A dataset doesn't exist in isolation; rather, datasets can be built on top of tables that are derived from other datasets. That means that changing one dataset can impact downstream datasets or that data issues in a dataset may be caused by upstream datasets. Reviewing the source of the data and dependencies directly in Simon via Dataset lineage helps you visualize the relationships between datasets.

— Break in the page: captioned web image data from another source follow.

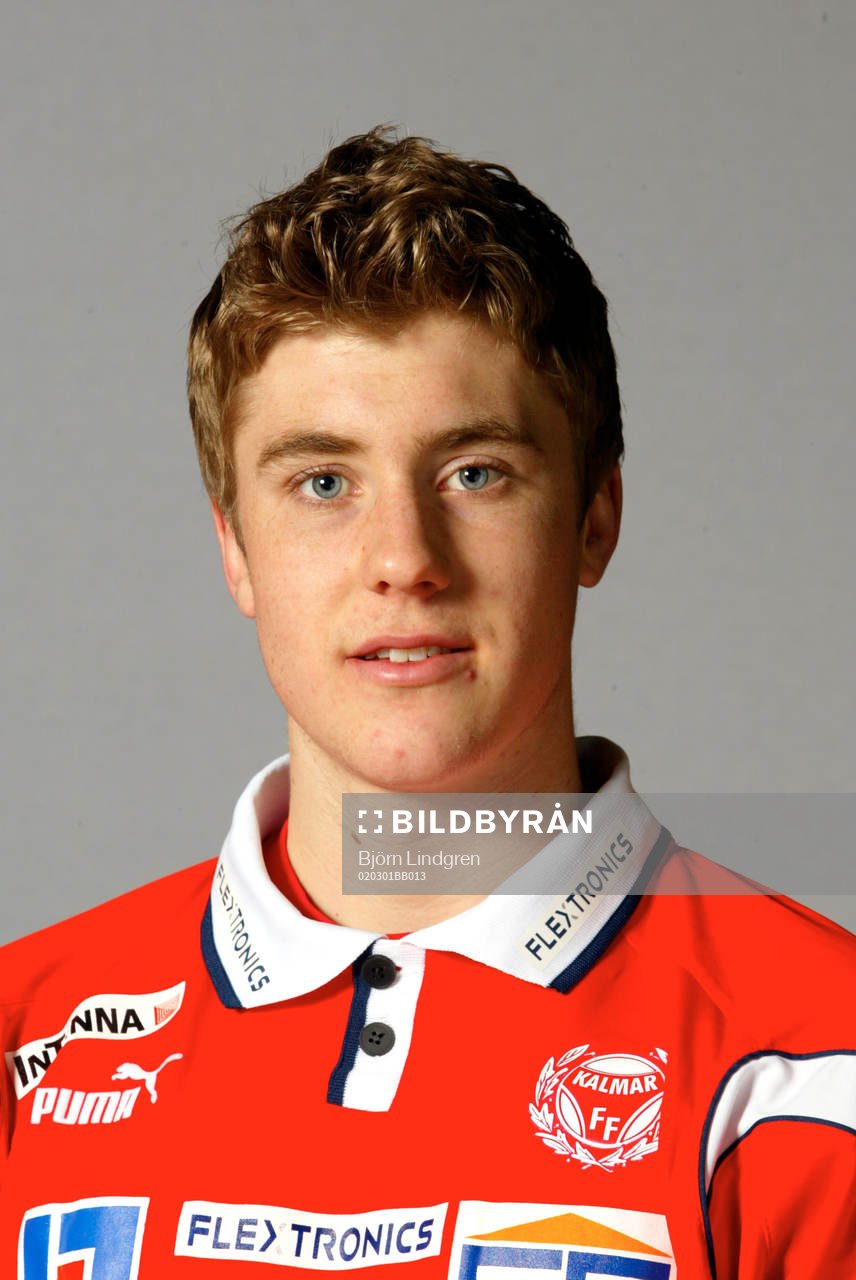Daniel Johansson, Kalmar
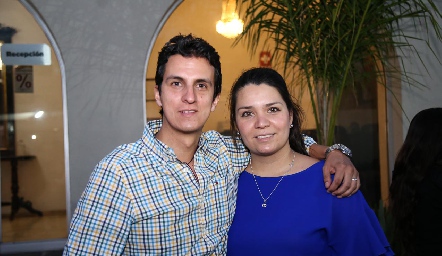  Diego Álvarez y Fernanda Wong.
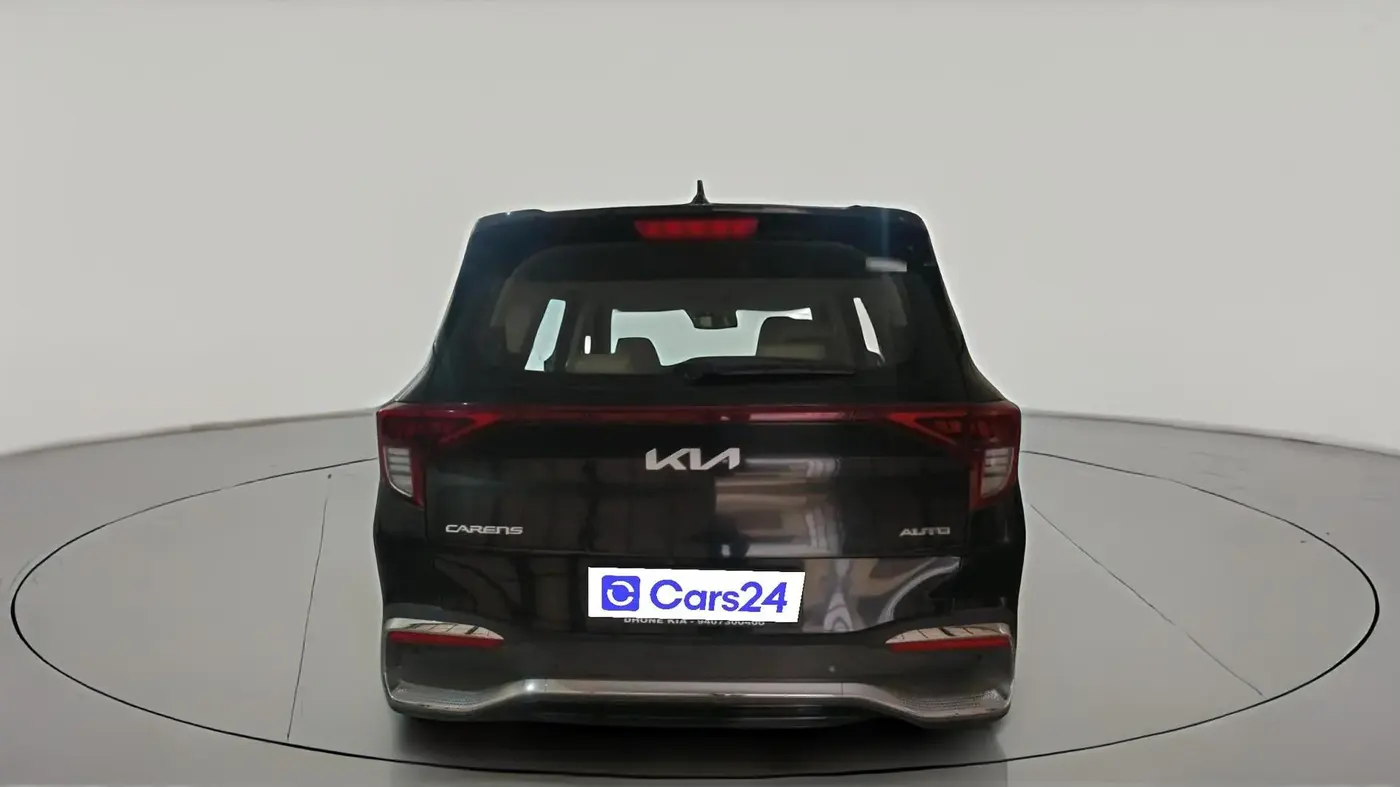 2022 KIA CARENS LUXURY PLUS 1.5 DIESEL 6 STR, Diesel, Manual, 64,504 km, exterior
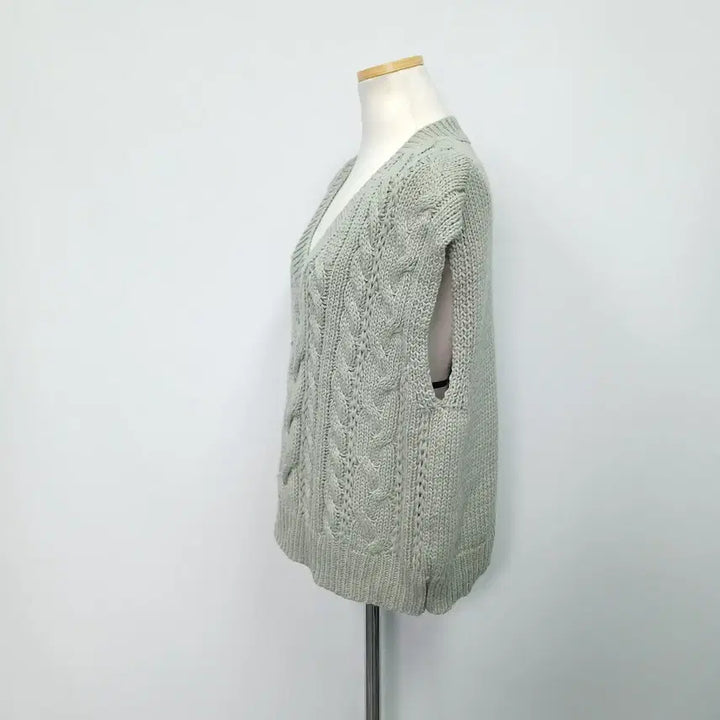 [BUNJANG] Polo Ralph Lauren 22SS V-Neck Knit Vest / 폴햄 22SS 브이넥 니트 조끼 티셔츠 66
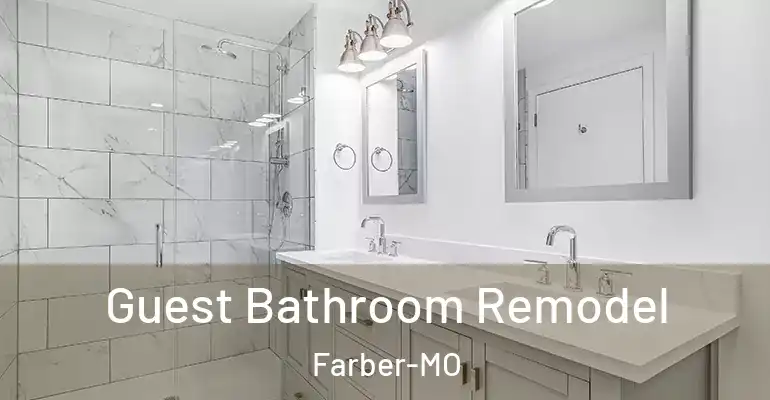 inner Bathroom imggen Guest Bathroom Remodel Farber-MO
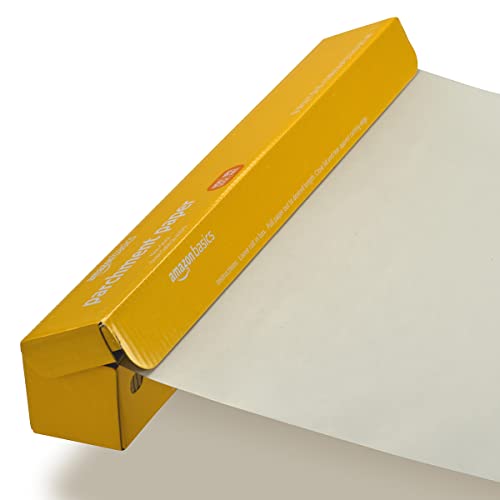 Minimalist Basics Non-Stick Parchment Paper for Baking, Cooking, Oven Safe, Collection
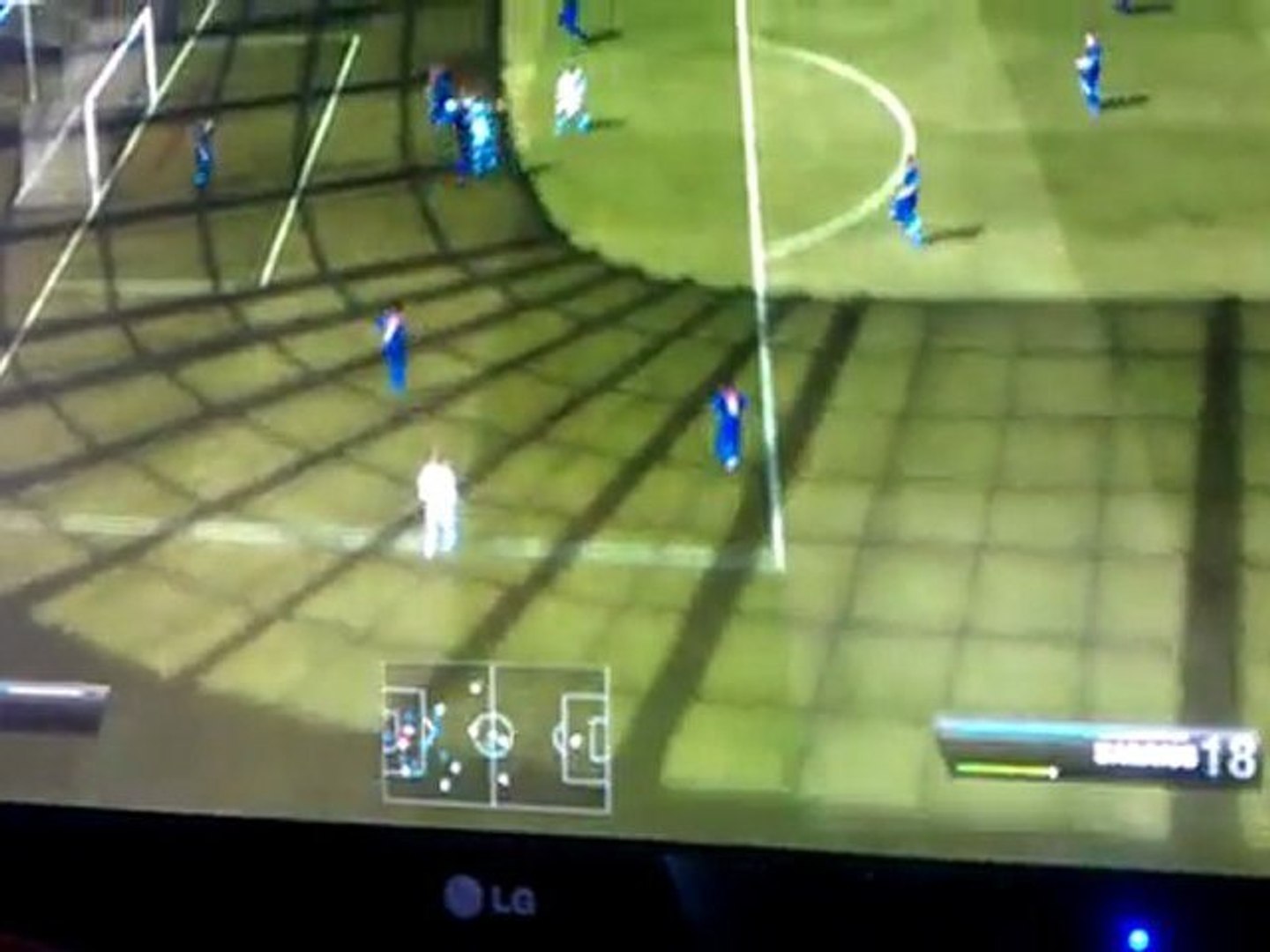 Fifa 12 Demo Gameplay Fcb Vs Bvb Video Dailymotion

For example: if dataset A fails, you can quickly see that dataset B will also be affected because it's dependent on A. Likewise, if you update a query in dataset A then you could break dataset B. Checking the lineage before making changes can help you prevent these issues

1058

Dataset lineage

Dataset lineage is available at the dataset level and shows dependencies within Simon for the following dataset types using the Simon Snowflake database:

  • Contact Data
  • Data Lake
  • Simon Warehouse

🚧

Upstream datasets must complete their extract step prior to dependent downstream datasets

This means downstream dataset lineage is not up to date until the upstream dataset has completed its extract step. In the image above, Lineage Test is not up to date until Cody DAG 1 has completed its extract step.


View dataset lineage

  1. From the left navigation, expand Datasets.
  2. Click Datasets.
  3. Search for and click the dataset name you want to view lineage for. The dataset summary displays.
  4. Click the Lineage tab.
372
  1. Click the pink links within the lineage to open the dataset in the editor.
1090

Click link to open editor

  1. Click the Lineage tab to return to the lineage view.